***** Extracted records *****

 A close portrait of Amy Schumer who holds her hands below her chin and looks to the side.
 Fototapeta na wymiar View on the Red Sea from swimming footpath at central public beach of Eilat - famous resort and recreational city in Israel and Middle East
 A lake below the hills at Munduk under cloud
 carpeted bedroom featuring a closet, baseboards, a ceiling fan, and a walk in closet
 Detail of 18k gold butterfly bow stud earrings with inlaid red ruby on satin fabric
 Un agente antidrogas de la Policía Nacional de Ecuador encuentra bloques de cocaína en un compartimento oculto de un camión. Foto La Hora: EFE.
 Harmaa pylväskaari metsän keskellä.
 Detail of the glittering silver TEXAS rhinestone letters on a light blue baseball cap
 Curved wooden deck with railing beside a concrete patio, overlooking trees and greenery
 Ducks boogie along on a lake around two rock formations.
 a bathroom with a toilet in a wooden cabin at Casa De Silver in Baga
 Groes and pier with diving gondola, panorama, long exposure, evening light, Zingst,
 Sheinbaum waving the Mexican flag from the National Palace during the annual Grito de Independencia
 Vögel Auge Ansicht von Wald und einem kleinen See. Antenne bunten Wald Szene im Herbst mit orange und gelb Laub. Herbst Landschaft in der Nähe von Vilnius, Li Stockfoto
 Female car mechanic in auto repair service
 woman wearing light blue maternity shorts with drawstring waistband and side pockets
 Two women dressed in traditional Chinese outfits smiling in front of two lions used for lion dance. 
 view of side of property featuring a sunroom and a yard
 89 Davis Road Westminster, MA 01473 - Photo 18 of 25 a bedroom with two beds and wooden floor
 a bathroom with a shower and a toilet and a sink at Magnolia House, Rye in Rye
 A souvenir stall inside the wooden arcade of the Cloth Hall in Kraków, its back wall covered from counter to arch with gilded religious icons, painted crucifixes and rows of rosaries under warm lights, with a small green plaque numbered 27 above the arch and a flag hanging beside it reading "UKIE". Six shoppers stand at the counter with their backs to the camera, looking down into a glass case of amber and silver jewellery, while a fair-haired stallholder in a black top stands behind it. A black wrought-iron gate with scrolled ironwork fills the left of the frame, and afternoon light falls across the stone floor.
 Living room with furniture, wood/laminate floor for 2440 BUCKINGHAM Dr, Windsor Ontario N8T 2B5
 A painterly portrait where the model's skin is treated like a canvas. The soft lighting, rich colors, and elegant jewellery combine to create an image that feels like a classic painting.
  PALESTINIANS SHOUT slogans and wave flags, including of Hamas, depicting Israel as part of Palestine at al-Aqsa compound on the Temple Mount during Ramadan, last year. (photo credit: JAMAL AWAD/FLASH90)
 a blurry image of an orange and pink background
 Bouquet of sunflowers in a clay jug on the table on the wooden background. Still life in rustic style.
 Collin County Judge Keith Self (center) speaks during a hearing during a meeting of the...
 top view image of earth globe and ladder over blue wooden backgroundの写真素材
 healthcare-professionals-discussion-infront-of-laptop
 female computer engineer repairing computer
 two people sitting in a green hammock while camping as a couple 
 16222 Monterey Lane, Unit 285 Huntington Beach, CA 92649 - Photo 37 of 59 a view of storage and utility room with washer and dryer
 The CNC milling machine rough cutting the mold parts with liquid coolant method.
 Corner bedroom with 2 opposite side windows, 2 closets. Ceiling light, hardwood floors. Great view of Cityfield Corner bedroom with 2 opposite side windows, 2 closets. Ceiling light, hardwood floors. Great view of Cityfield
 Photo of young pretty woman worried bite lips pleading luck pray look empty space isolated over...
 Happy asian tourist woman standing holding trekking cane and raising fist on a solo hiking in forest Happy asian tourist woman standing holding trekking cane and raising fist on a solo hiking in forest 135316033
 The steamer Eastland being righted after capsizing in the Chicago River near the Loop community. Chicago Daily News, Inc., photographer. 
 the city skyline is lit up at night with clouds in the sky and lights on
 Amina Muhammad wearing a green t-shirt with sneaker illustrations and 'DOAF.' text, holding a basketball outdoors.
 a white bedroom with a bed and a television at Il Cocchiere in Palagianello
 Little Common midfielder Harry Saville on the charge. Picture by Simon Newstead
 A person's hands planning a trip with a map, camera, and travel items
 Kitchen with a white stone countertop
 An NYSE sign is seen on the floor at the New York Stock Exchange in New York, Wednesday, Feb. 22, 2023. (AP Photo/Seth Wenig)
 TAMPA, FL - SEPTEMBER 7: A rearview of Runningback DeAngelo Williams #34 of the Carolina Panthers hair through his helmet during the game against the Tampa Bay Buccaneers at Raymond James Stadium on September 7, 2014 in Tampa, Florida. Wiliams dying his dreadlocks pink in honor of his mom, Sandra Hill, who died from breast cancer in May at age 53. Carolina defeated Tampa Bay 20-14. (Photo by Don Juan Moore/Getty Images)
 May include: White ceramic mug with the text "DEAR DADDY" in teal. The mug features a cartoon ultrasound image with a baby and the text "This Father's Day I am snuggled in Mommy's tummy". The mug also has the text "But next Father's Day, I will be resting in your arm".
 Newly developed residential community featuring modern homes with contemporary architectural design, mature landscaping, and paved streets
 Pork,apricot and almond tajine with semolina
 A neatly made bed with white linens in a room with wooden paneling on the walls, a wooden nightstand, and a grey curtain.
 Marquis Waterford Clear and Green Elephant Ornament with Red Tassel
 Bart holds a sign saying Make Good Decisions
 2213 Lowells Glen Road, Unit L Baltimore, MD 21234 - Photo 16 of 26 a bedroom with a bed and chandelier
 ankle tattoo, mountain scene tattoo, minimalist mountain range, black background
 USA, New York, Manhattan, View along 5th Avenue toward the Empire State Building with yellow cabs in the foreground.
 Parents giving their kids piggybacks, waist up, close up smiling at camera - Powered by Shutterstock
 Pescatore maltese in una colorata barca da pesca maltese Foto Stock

*****

Exercise instructions:
What do the lines above say from the one containing "Living room with" down to the one containing "A painterly portrait"? Return them exactly, both end lines included, and only them.

Reply:
 Living room with furniture, wood/laminate floor for 2440 BUCKINGHAM Dr, Windsor Ontario N8T 2B5
 A painterly portrait where the model's skin is treated like a canvas. The soft lighting, rich colors, and elegant jewellery combine to create an image that feels like a classic painting.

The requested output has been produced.